Gizli tanığın İstanbul’a kaçtığını biliyorlarmış

Ayhan Bora Kaplan örgütünün iki numaralı ismi ve bu davanın ‘M7’ kod isimli saklı şahidi Serdar Sertçelik, Sırbistan’dan Macaristan’a açılan Rozske Hudut Kapısı’nı 25 Mayıs’ta geçersiz kimlikle geçerken yakalandı.

Sertçelik, Türkiye’ye gönderilmemek için bu ülkeye iltica etti.

Ülke olarak gülünç bir vaziyetle karşı karşıyayız.

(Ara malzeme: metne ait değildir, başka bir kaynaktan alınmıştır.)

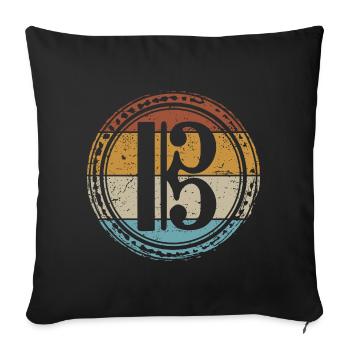 Clé alto, alto, alto, clef - Housse de coussin décorative 45 x 45 cm - noir - Devant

Kamu vazifelileri konut hapsindeyken ve ayağında elektronik kelepçe varken firar etmesine yol verdikleri bilinmeyen şahidi yakalamak için kırmızı bülten çıkardılar. Artık de Macaristan’dan geri getirmeye çabalıyorlar.

Skandal bu kadarla kalsa birkaç kamu görevlisinin aptallığı ya da işbilmezliği deyip geçebilirdik. Lakin Ankara 13. Asliye Ceza Mahkemesi’ndeki dava belgesine giren WhatsApp yazışmaları, Sertçelik’in İstanbul’a gittiğinin Ankara Emniyeti Organize Kabahatlerle Gayret Şubesi’nce bilindiğini ispat ediyor.


Ayhan Bora Kaplan örgütünün iki numaralı ismi Serdar Sertçelik.

İki gün sonra “İstanbul’a gidiyor” dedi

O devrin Organize Hatalarla Uğraş Şube Müdürü Kerem Gökay Öner, Sertçelik’in firar etmesinden iki gün sonra, 29 Kasım 2023’te, eline ulaşan iletisi Yardımcısı Şevket Demircan’a iletiyor.

Mesajda şöyle deniyor:

“Babası İstanbul’a götürüyor. Borç konusu varmış. Alım olsun abi.”

Öner, akabinde Demircan’a şunları yazıyor:

“Serdar Sertçelik. İstanbul yolunda.”

Demircan, “Tamam abi” diye cevap veriyor.

Organize Kabahatlerle Gayret Şubesi, cinayetten tutuklanacağını fark edince elektronik kelepçeyle meskenden kaçan Sertçelik’in İstanbul’a gittiğini bile bile kaçmasına yol vermişler.

İddianameye nazaran 27 Kasım 2023’te konuttan çıkan Sertçelik, 30 Kasım’a kadar Ankara’da kaldı.

Başkentte olduğu müddette yakalanmadı.

1 Aralık’ta İstanbul’a gitti.

Şile’de toplumsal medya fenomeni olan kız arkadaşı Ece Ronay’ın kaldığı bungalovların bulunduğu bölgede indi.

Dört gününü İstanbul’da geçirdi.

‘Net olarak belirlenemeyen bir güzergahı kullanarak’ 4 Aralık’ta yasa dışı yollardan yurt dışına kaçtı.


Serdar Sertçelik’in sevgilisi Ece Ronay’ın ismi işyeri kurşunlatma olaylarında geçmişti.

Arama tiyatrosu

Öner ile Demircan ortasındaki 1 Aralık tarihli bildiriler ise firar sonrası Organize Hatalarla Çaba Şubesi tarafından bir arama tiyatrosu oynandığını ortaya koyuyor.

Yazışmalar şöyle:

Öner: Şevket, aklında bulunsun, Serdar Sertçelik ile alakalı bir takım konutuna gidip arandı bulunamadı tutanağı tutsun, adliyeye gönderelim.

Demircan: Gönderdik abi.

Öner: Orta ara da arandı bulunamadı tutanağı tanzim edip gönderelim.

Demircan: Tamam.

Bu yazışmalar yapılırken Sertçelik, İstanbul’daydı ve Türkiye’yi terk etmemişti. Sertçelik’i İstanbul’da aramaları gerekirken, boş olduğunu bildiklerini meskenini orta ara yoklayarak, arıyorlarmış üzere yaparak, tutanak düzenlediler.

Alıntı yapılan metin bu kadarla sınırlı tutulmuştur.